The legislature apparently determined that by keeping the submittals and the oral presentations exempt, no vendor could gain an advantage in the procurement process by knowing what the other vendors submitted. The true advantage of this, however, is unclear since vendors do not know what their competitors are submitting until after the submittal deadline, and vendors cannot change their bids or proposals after they are opened, except perhaps to cure minor irregularities.24

The legislature also determined that meetings at which negotiation strategies take place should be exempt because, “the efficient administration of the competitive solicitation process would be hindered.”25 There is no explanation or elaboration as to how it would be hindered.

The practical effect of exempting these records and meetings is that it will be more difficult for the public and the bidders to observe the evaluation process as it occurs. This also means that dissatisfied vendors will have a more difficult time deciding whether they have a viable protest.

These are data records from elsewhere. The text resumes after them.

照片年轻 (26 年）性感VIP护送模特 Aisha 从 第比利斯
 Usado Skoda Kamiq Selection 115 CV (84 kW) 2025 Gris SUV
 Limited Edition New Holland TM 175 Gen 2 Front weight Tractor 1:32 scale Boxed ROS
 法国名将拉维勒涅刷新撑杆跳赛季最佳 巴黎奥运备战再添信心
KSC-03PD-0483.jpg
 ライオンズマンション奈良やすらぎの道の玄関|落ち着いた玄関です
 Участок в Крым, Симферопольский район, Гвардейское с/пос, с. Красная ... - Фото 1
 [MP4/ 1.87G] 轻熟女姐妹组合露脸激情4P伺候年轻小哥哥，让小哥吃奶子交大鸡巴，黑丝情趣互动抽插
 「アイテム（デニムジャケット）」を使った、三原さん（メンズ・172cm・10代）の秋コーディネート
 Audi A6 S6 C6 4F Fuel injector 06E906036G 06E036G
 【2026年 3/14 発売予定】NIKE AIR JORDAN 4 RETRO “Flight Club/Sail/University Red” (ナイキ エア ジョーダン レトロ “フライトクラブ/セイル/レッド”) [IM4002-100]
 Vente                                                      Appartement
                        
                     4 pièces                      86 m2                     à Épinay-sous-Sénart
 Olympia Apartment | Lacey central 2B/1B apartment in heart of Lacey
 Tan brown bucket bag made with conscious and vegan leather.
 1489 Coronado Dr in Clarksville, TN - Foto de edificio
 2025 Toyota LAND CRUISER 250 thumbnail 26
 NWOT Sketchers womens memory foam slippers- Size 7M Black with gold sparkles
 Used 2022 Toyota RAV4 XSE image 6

Typically vendors could, and did, obtain the bids and proposals submitted by their competitors, then determine if they made any mistakes or other errors as described above. Now, vendors will generally have no information about any of the competing bids or proposals until 30 days have passed or the notice of intent to award is posted. Also, without observing competitor presentations and question and answer sessions, vendors will not know whether protest grounds exist until the recordings of the meetings become available. For instance, a vendor may have no way of knowing whether a competitor improperly changed its price from its proposal during the oral presentation. In other words, dissatisfied vendors will need to take immediate steps to procure the temporarily exempt records and recordings just to determine whether grounds to protest exist. This may be especially problematic for vendors and counsel because there are typically strict time deadlines in the protest process.

For example, under F.S. §120.57, in state agency solicitations, a protestor has only 72 hours from the time the intended award is posted to file a notice of intent to protest. The protestor then has 10 days from the submission of the notice of intent to file its formal written protest, and must state all grounds on which the protest is based. Any grounds not raised are deemed waived. The “temporary” exemptions could make it very difficult, if not impossible, for vendors to obtain and analyze the requisite records and recordings within such limited time frames and for counsel to assess the viability of a protest or articulate “all grounds” for the protest. In other words, the discovery process will be more difficult. One possible cure for this issue is to allow more time to file protests, or to allow protestors to supplement their protests as they obtain additional exempt records through public records requests. Such a cure would require additional legislation to amend the state protest statutes or modifications to local government ordinances and could delay the protest procedure and award of the project.

The legislative intent of the amendments may better suit invitations to negotiate. That is a solicitation for competitive sealed replies to select one or more vendors with which to commence negotiations for the procurement of commodities or contractual services.26 In these types of solicitations, the written submittals may not have included price and other material terms. In that scenario, it would seem unfair to allow competitors to attend each other’s negotiation sessions. In contrast, in other types of solicitations, such as invitations to bid and requests for proposals, vendors have already submitted price and other material terms at the time their submittals are opened. Since pricing and terms are generally fixed at that stage, it is unclear how the public would benefit by imposition of the temporary exemptions.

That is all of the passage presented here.